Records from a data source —
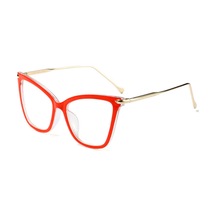 Kırmızı Zonita Mavi Işık Korumalı Vintage & Retro Gözlük
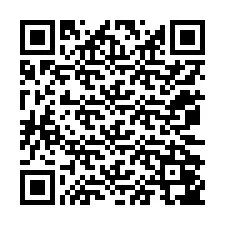 Código QR para número de telefone +12072047294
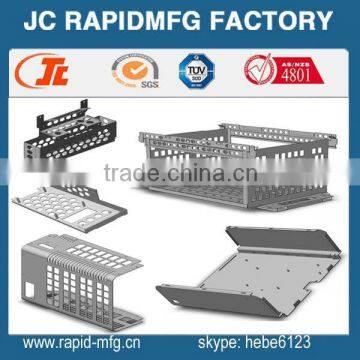 precision sheet metal bracket fabrication stamping product factory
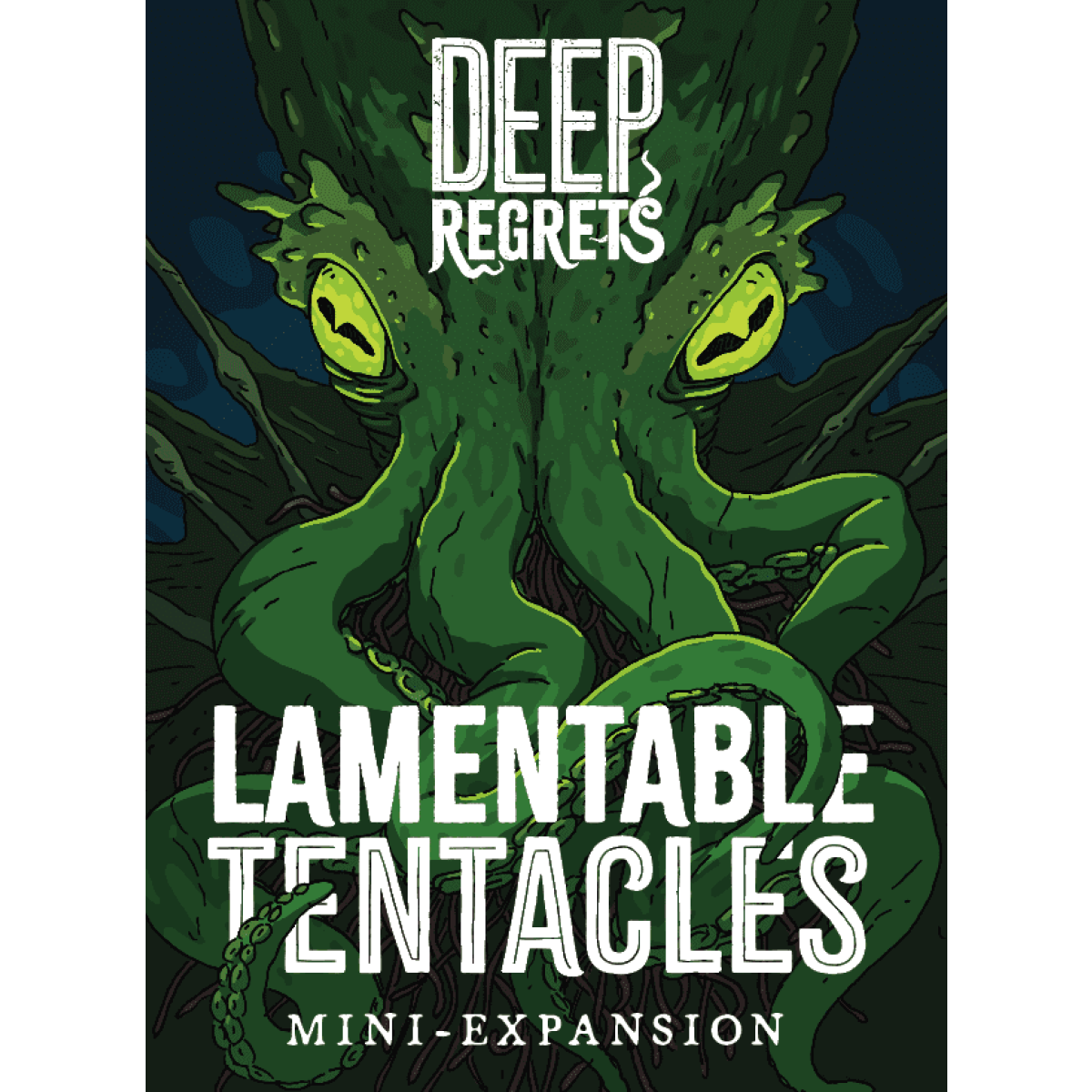 Deep Regrets: Lamentable Tentacles Mini Expansion (Preorder) - Good Games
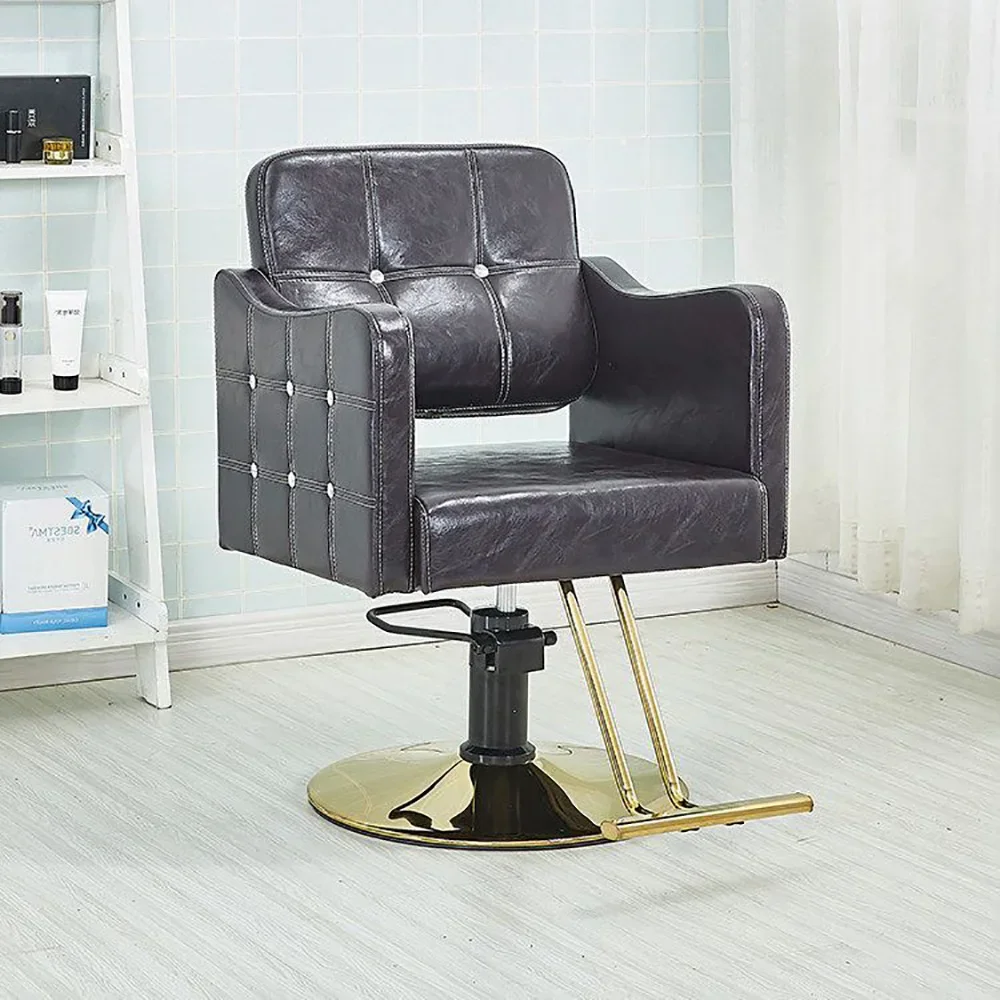 Nordic Salon Barber Chair Simple Personalized Trendy Comfortable Hairdresser Chair Beauty Aesthetic Kapperstoel Hair Furniture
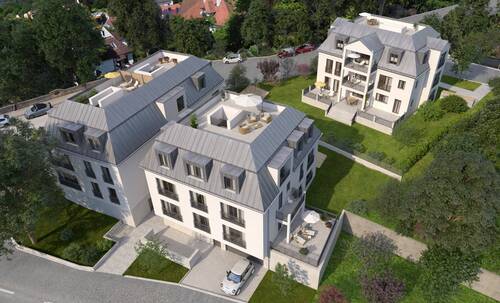 Kurhaus Palais Gesamtansicht - 3 Zimmer Etagenwohnung zum Kaufen in Augsburg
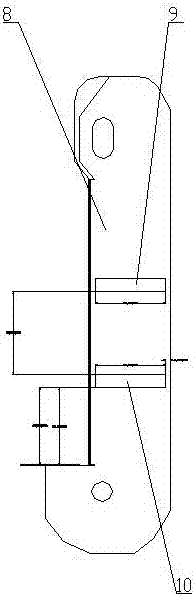 Single-way clutch type seeding and reseeding integrated potato planter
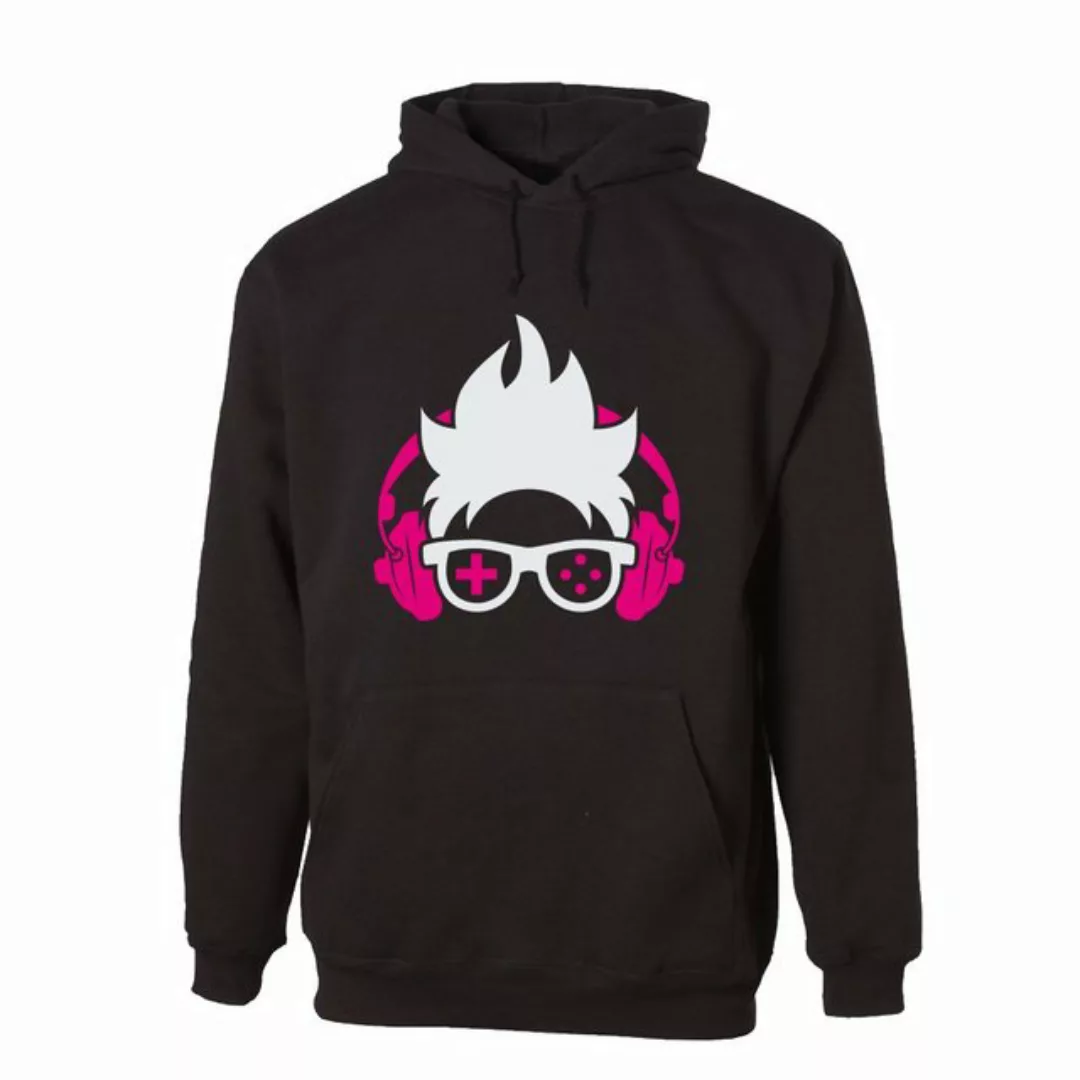 G-graphics Hoodie Gamer Head Unisex, mit Frontprint, mit Motiv günstig online kaufen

Required action — Above are the records; please give again, exactly and in full, only the lines that run from the line with "precision sheet metal" through the line with "Deep Regrets: Lamentable", with no pictures.

Answer —
 precision sheet metal bracket fabrication stamping product factory
 Deep Regrets: Lamentable Tentacles Mini Expansion (Preorder) - Good Games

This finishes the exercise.